Dagster Prometheus Integration
Dagster-prometheus is a library that provides an integration for Dagster with Prometheus, allowing users to expose Dagster run and asset metrics, as well as custom metrics from their ops and assets. It is part of the Dagster ecosystem and typically releases new versions in lockstep with Dagster core releases. The current version is 0.29.0, corresponding to Dagster core 1.13.0.
Common errors
-
ModuleNotFoundError: No module named 'dagster_prometheus'
cause The `dagster-prometheus` library has not been installed in your Python environment.fixRun `pip install dagster-prometheus` to install the package. -
OSError: [Errno 98] Address already in use
cause The port specified for the Prometheus HTTP server (default 8000) is already being used by another process on your machine.fixProvide a different port to `make_prometheus_resource` (e.g., `make_prometheus_resource(port=8001)`), or ensure no other application is listening on the default port. -
dagster._core.errors.DagsterInvalidConfigError: Error in config for resource "prometheus_resource": Field "port" is missing and not optional.
cause The `make_prometheus_resource` function requires the `port` argument to be explicitly provided or configured, especially if you're using a config system that overrides defaults.fixEnsure that the `port` argument is provided when calling `make_prometheus_resource`, for example: `make_prometheus_resource(port=8000)`.
Warnings
- breaking Dagster's resource API underwent significant changes with the 1.0 release. If you are upgrading from Dagster core versions prior to 1.0, your existing resource definitions, including those for `dagster-prometheus`, will likely need to be updated to the new resource definition syntax.
- gotcha The Prometheus HTTP server started by `make_prometheus_resource` is bound to the lifespan of the Dagster process that initializes the resource (e.g., a specific job run process, or the `dagster dev` process).

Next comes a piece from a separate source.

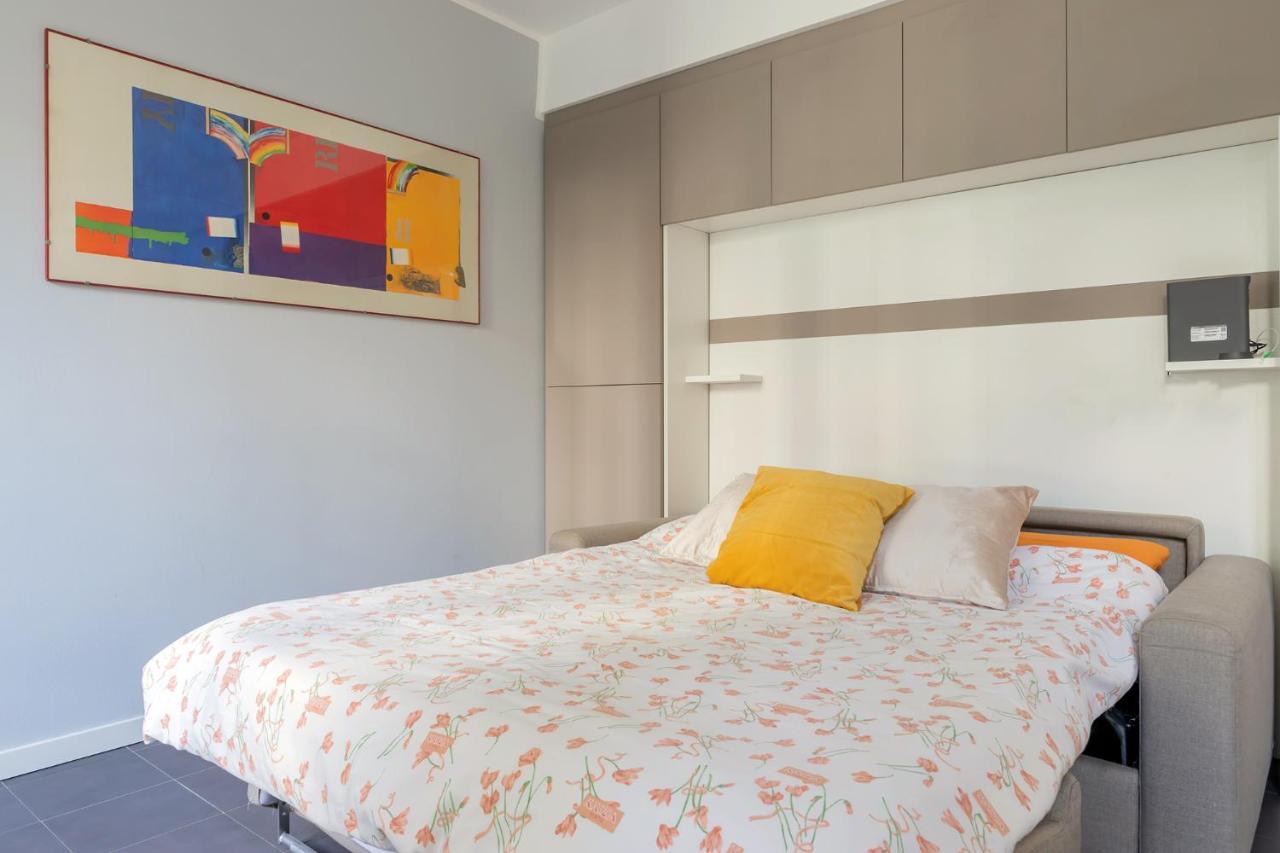20Mins From Duomo - Renovated Apt Near City Center Apartment Milan Exterior photo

For continuous metric exposure in a production environment, ensure the Dagster process (e.g., `dagster-webserver`, `dagster-daemon`, or a persistent run process) is long-lived.

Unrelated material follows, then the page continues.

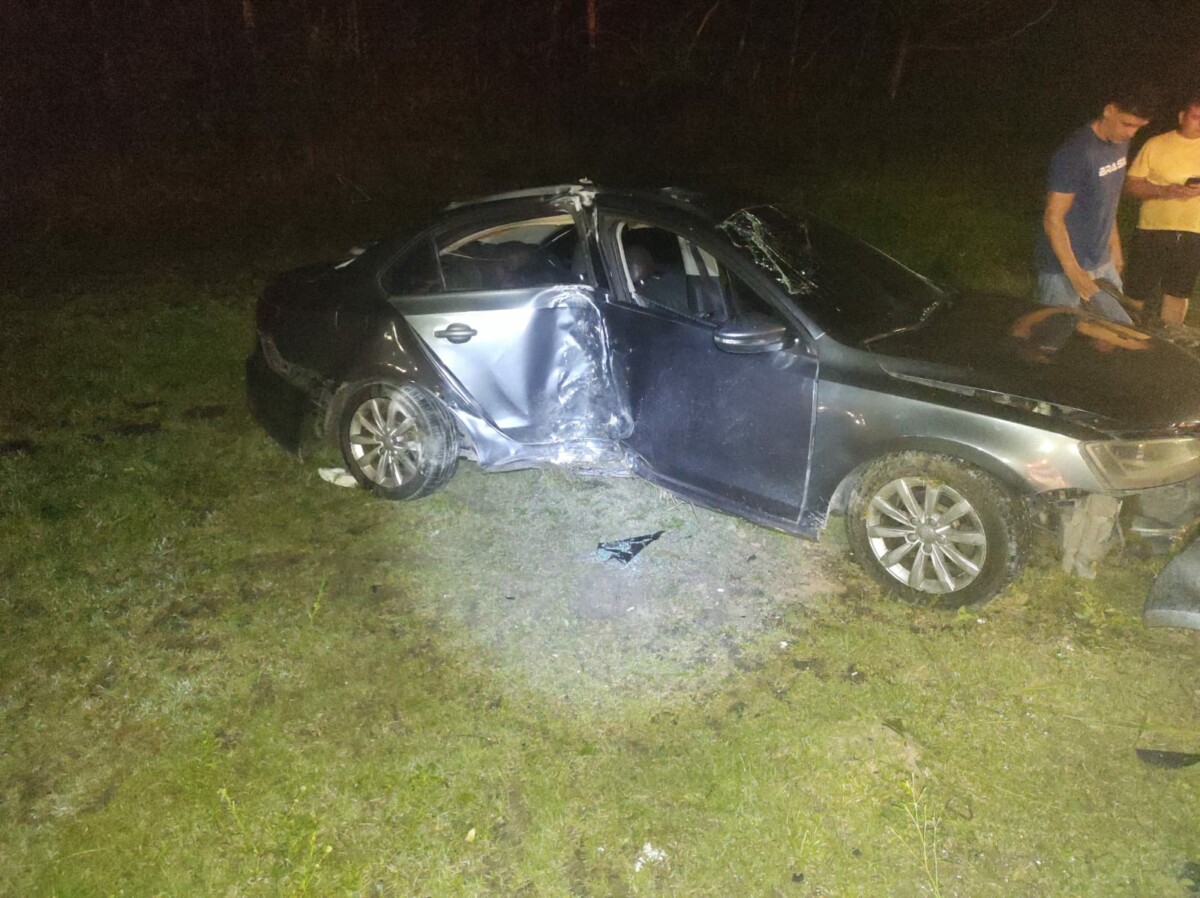 Motorista bêbado fica preso às ferragens após bater em poste na av. Santos Dumont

- gotcha `dagster-prometheus` is a library within the Dagster monorepo. While its own versioning (0.x.y) is separate from Dagster core (1.x.y), it is developed and released in tandem. Using mismatched versions of `dagster-prometheus` and `dagster` core can lead to unexpected behavior or `ImportError`s.
Install
-
pip install dagster-prometheus
Imports
- make_prometheus_resource
from dagster_prometheus import make_prometheus_resource
Quickstart
import os
from dagster import Definitions, job, op
from dagster_prometheus import make_prometheus_resource
# The Prometheus resource starts an HTTP server and exposes the
# prometheus_client registry for custom metrics.

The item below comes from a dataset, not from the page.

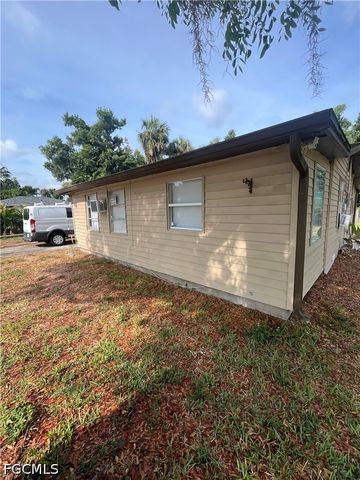 1748 Woodward AVE, North Fort Myers, FL 33903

prometheus_resource = make_prometheus_resource(
port=int(os.environ.get("PROMETHEUS_PORT", "8000")),
prefix=os.environ.get("PROMETHEUS_PREFIX", "dagster_"),
)
@op
def emit_custom_metrics_op(context):
"""
An op that emits custom Prometheus metrics using the provided registry.
The HTTP server will be running as long as the resource is active (e.g., during a job run).
"""
registry = context.resources.prometheus_resource.registry
# Create and increment a custom counter
my_counter = registry.get_or_create_metric(
"my_custom_run_counter",
"A counter for runs of my_metrics_job",
"counter"
)
my_counter.inc()
# Create and set a custom gauge with labels
my_gauge = registry.get_or_create_metric(
"my_custom_value_gauge",
"A gauge for a custom value",
"gauge",
labelnames=["job_name", "op_name"]
)
# Example value derived from run_id, ensures a different value each time for demo
example_value = float(int(context.run_id.split('-')[0], 16) % 100)
my_gauge.labels(job_name=context.job_name, op_name=context.op.name).set(example_value)
context.log.info(f"Emitted custom metrics to port {context.resources.prometheus_resource.port}")
@job(resource_defs={"prometheus_resource": prometheus_resource})
def my_metrics_job():
emit_custom_metrics_op()
defs = Definitions(jobs=[my_metrics_job])
# To run this example locally:
# 1. Save the code as a Python file (e.g., `metrics_repo.py`).
# 2. Run `dagster dev -f metrics_repo.py` in your terminal.
# 3. In the Dagster UI (typically localhost:3000), navigate to the Launchpad for `my_metrics_job` and click 'Launch'.
# 4. While the job is running (or if `dagster dev` is active), open your browser to `http://localhost:8000/metrics`
# (or the port specified in PROMETHEUS_PORT if set) to view the exposed metrics.
# You will see Dagster's default metrics along with 'dagster_my_custom_run_counter_total' and 'dagster_my_custom_value_gauge'.